Announced back in May, the Xeon Scalable Family is designed to replace the existing Xeon E5 and E7 ranges with a new tiered platform themed around precious metals: Bronze entry-level parts, Silver mid-tier parts, Gold high-end parts, and Platinum flagship parts. While the new parts are based on the Skylake microarchitecture, Intel claims they are 're-architected from the ground up' and in June provided information to back that claim up with details of the new mesh chip interconnect design.

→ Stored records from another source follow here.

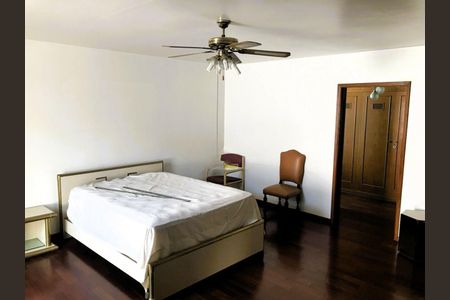 Casa à venda com 540m², 4 quartos e 6 vagas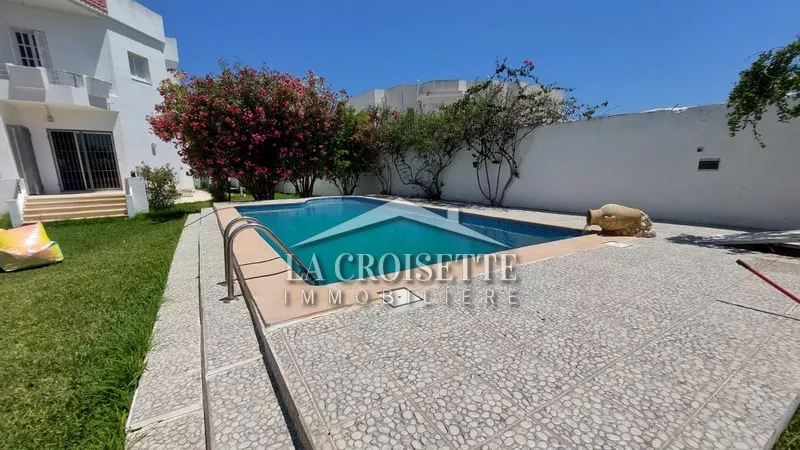 فيلا فاخرة للإيجار في السوكرة: ملاذ من الراحة والأناقة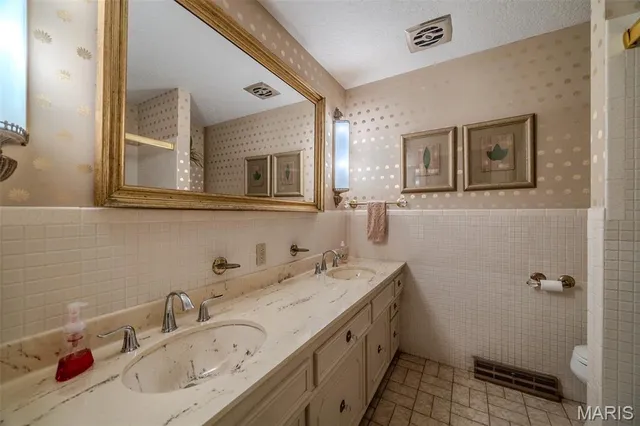 $850,000 | 21355 County Road 5-406, Lebanon, MO 65536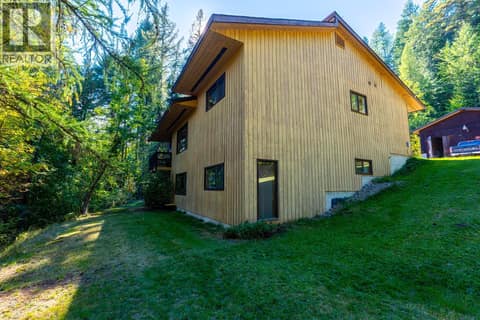 Photo 16 of 807 Spokane Street, Rossland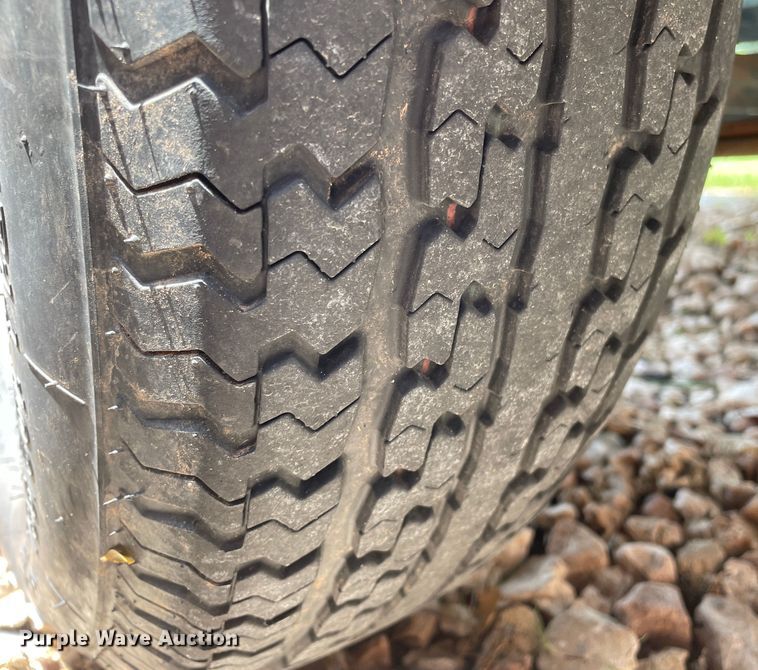 image for item DN4664 1990 Champion  boat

'This new architecture delivers a new way of interconnecting on-chip components to improve the efficiency and scalability of multi-core processors. The Intel Xeon Scalable processors implement an innovative "mesh" on-chip interconnect topology that delivers low latency and high bandwidth among cores, memory, and I/O controllers,'' claimed Intel chip architect Akhilesh Kumar at the time. 'Cores, on-chip cache banks, memory controllers, and I/O controllers are organised in rows and columns, with wires and switches connecting them at each intersection to allow for turns. By providing a more direct path than the prior ring architectures and many more pathways to eliminate bottlenecks, the mesh can operate at a lower frequency and voltage and can still deliver very high bandwidth and low latency. This results in improved performance and greater energy efficiency similar to a well-designed highway system that lets traffic flow at the optimal speed without congestion.'

The parts featuring this new architecture entered general availability today, following what the company describes as its 'largest data centre early ship program with more than 500,000 Intel Xeon Scalable processors already sold to leading enterprise, high-performance computing, cloud, and communication services provider customers.' These customers, Intel claims, can benefit from an on-average 1.65x performance improvement over the company's previous-generation Xeon chips - rising up to 2.5x for IPSec forwarding and 2.2x for deep-learning training tasks.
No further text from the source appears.